* SOURCE RECORDS:
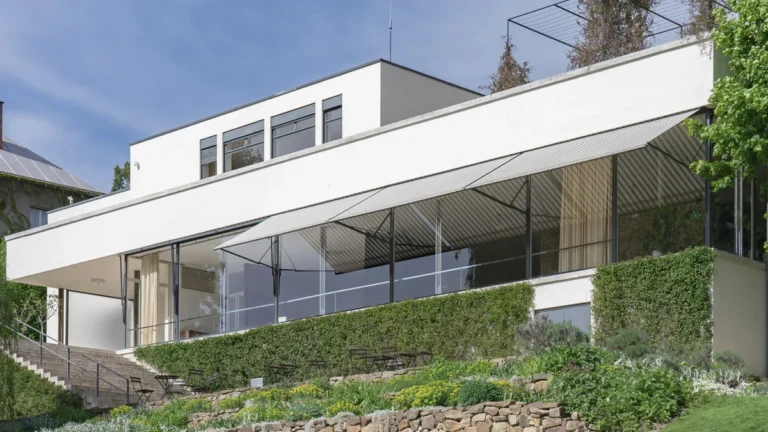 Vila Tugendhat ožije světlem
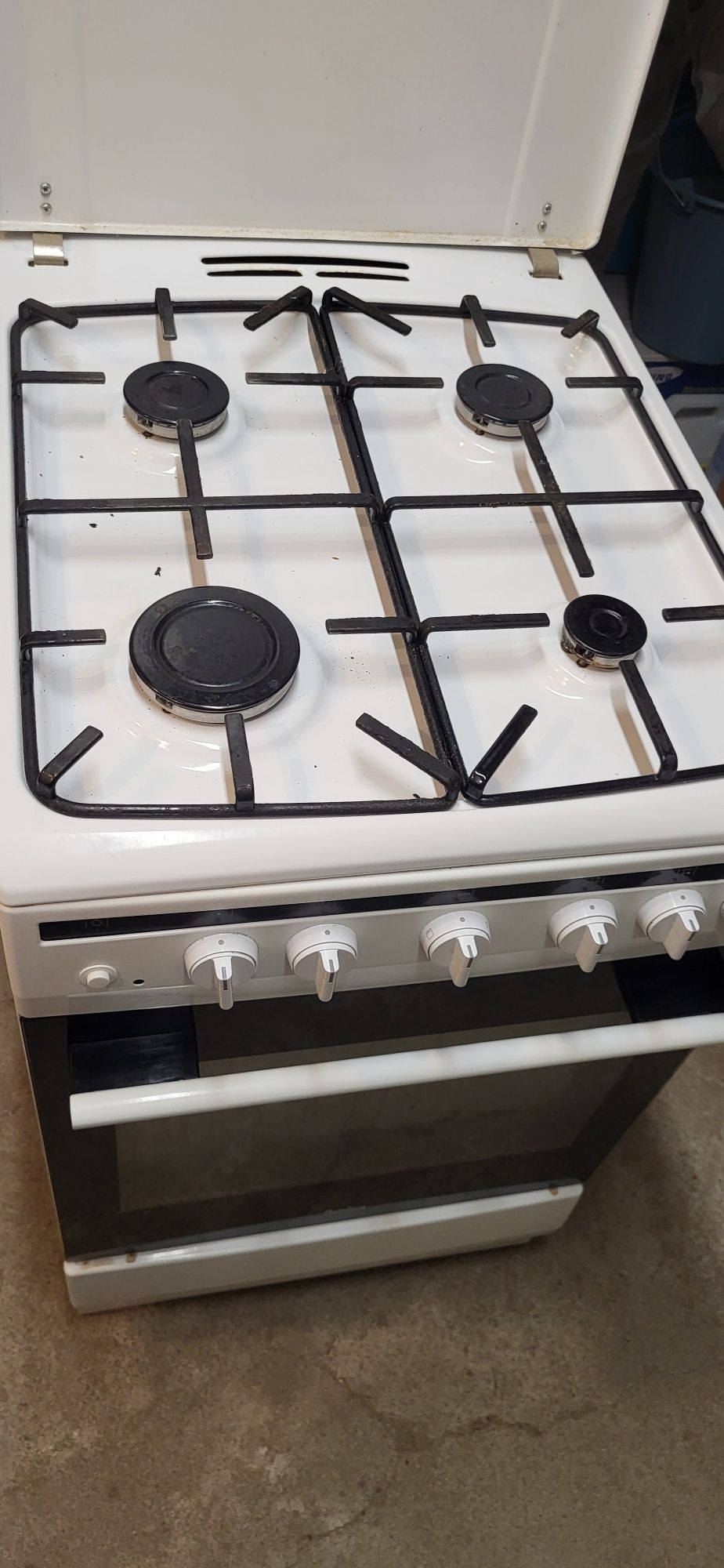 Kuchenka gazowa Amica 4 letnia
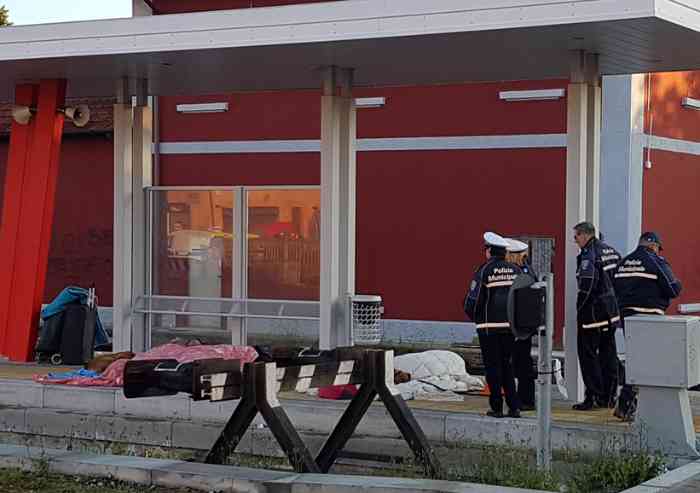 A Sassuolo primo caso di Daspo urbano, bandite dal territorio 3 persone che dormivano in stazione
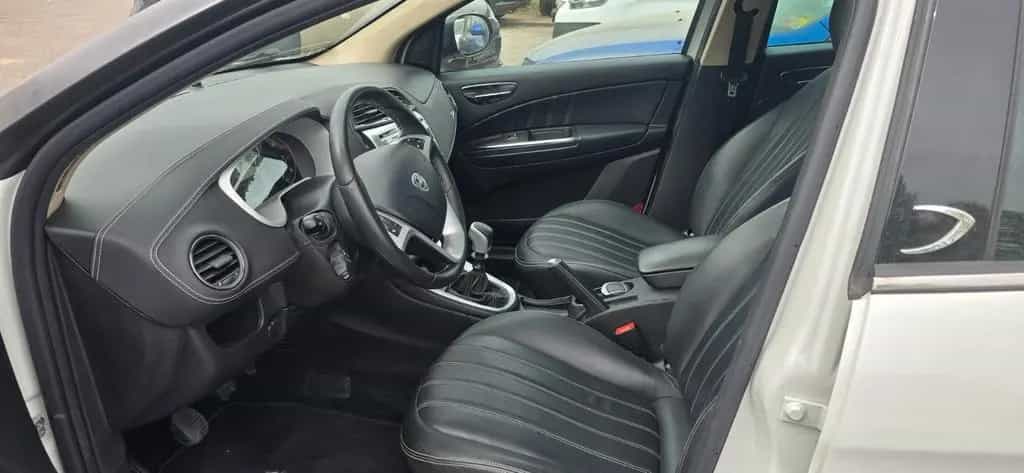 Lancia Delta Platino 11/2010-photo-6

==

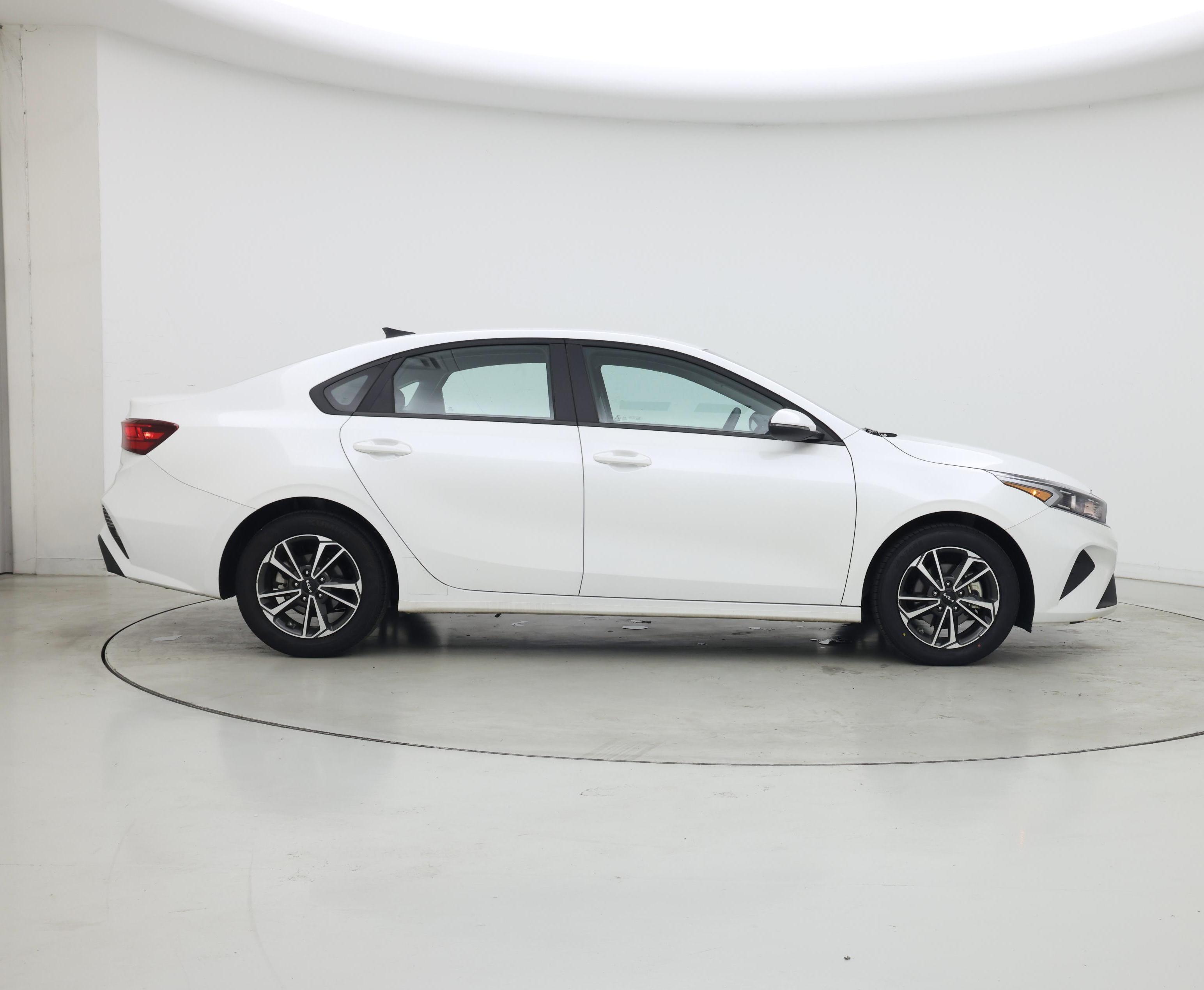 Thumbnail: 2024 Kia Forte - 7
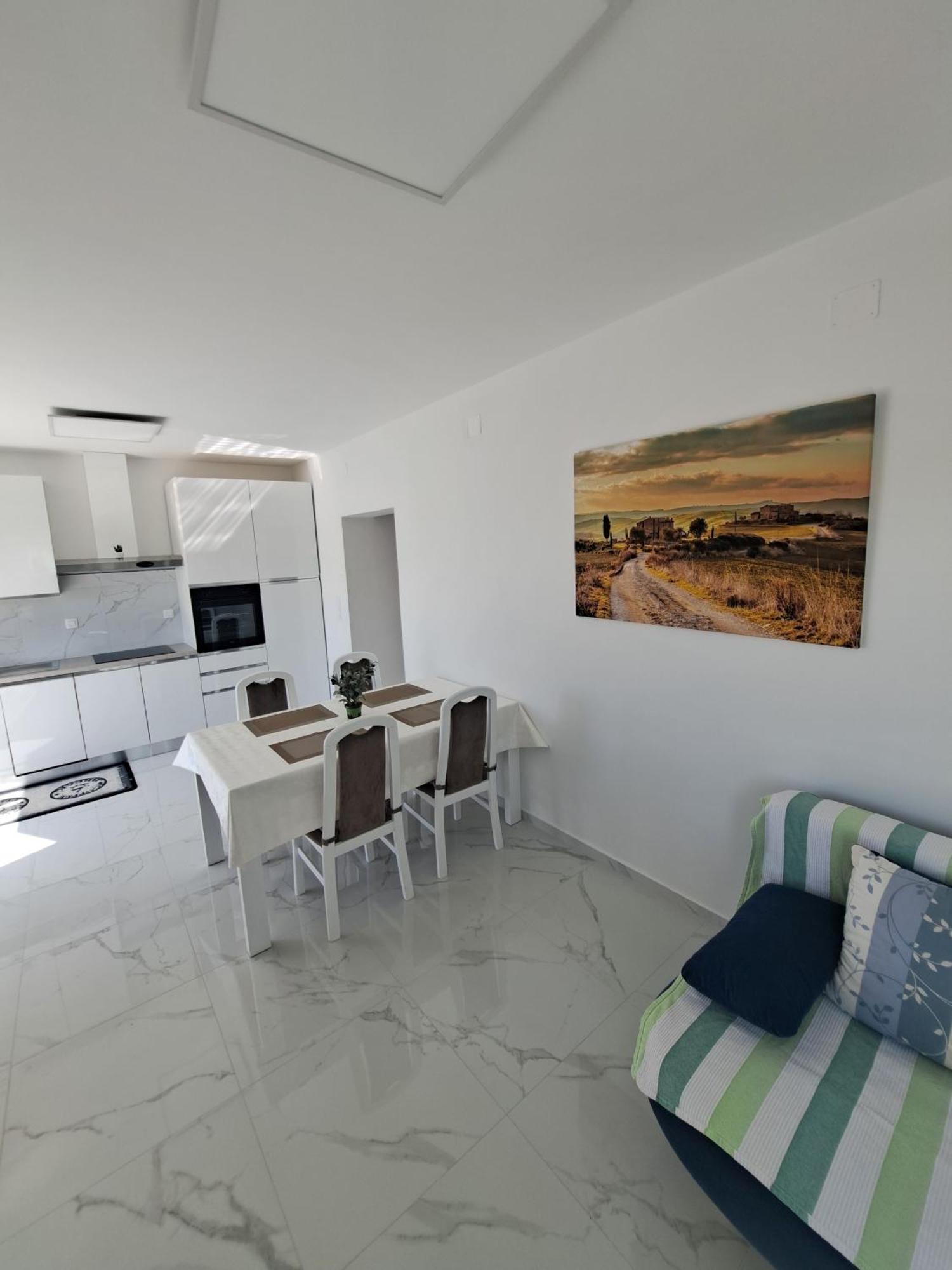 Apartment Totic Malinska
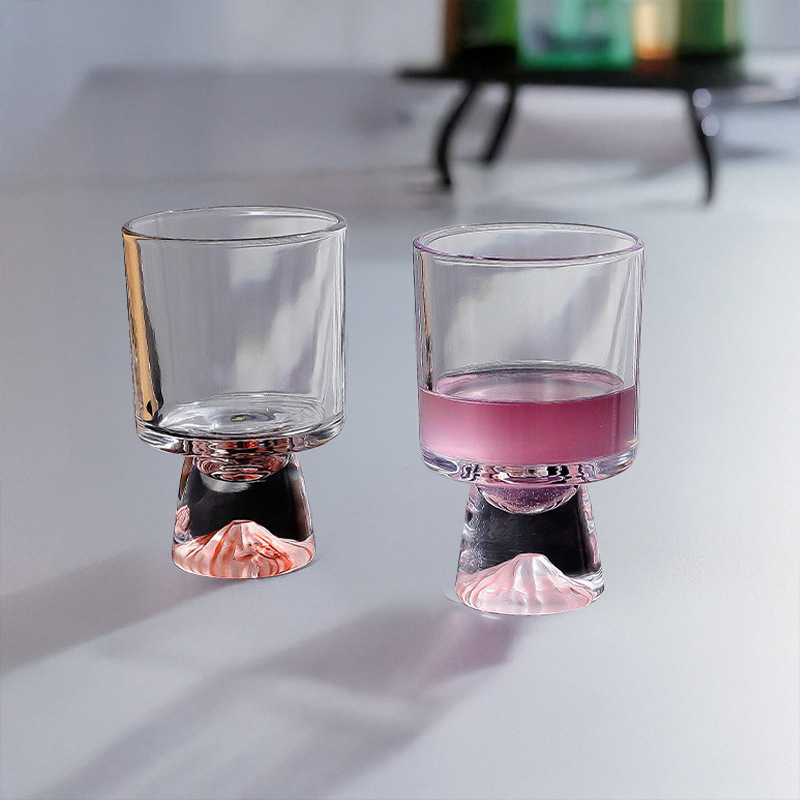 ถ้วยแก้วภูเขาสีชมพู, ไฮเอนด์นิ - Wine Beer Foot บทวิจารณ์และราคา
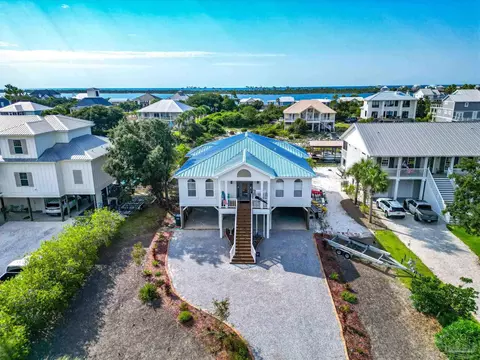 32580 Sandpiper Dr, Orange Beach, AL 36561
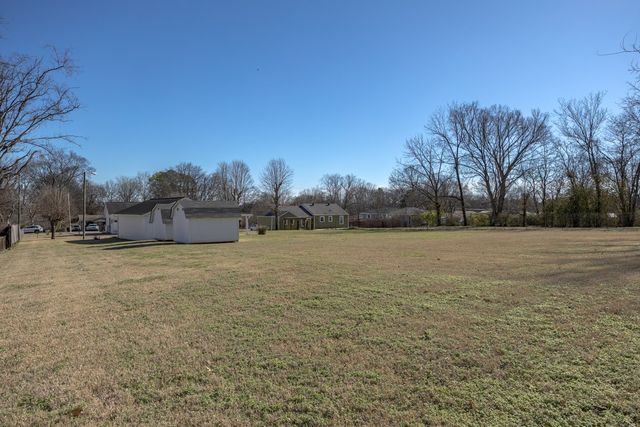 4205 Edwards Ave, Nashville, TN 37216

* PROBLEM DETAILS: Copy the lines above exactly, starting at the one with "A Sassuolo primo" and ending at the one with "Lancia Delta Platino 11/2010-photo-6", both included. Leave out any pictures and add nothing else.

* EXERCISE OUTPUT:
 A Sassuolo primo caso di Daspo urbano, bandite dal territorio 3 persone che dormivano in stazione
 Lancia Delta Platino 11/2010-photo-6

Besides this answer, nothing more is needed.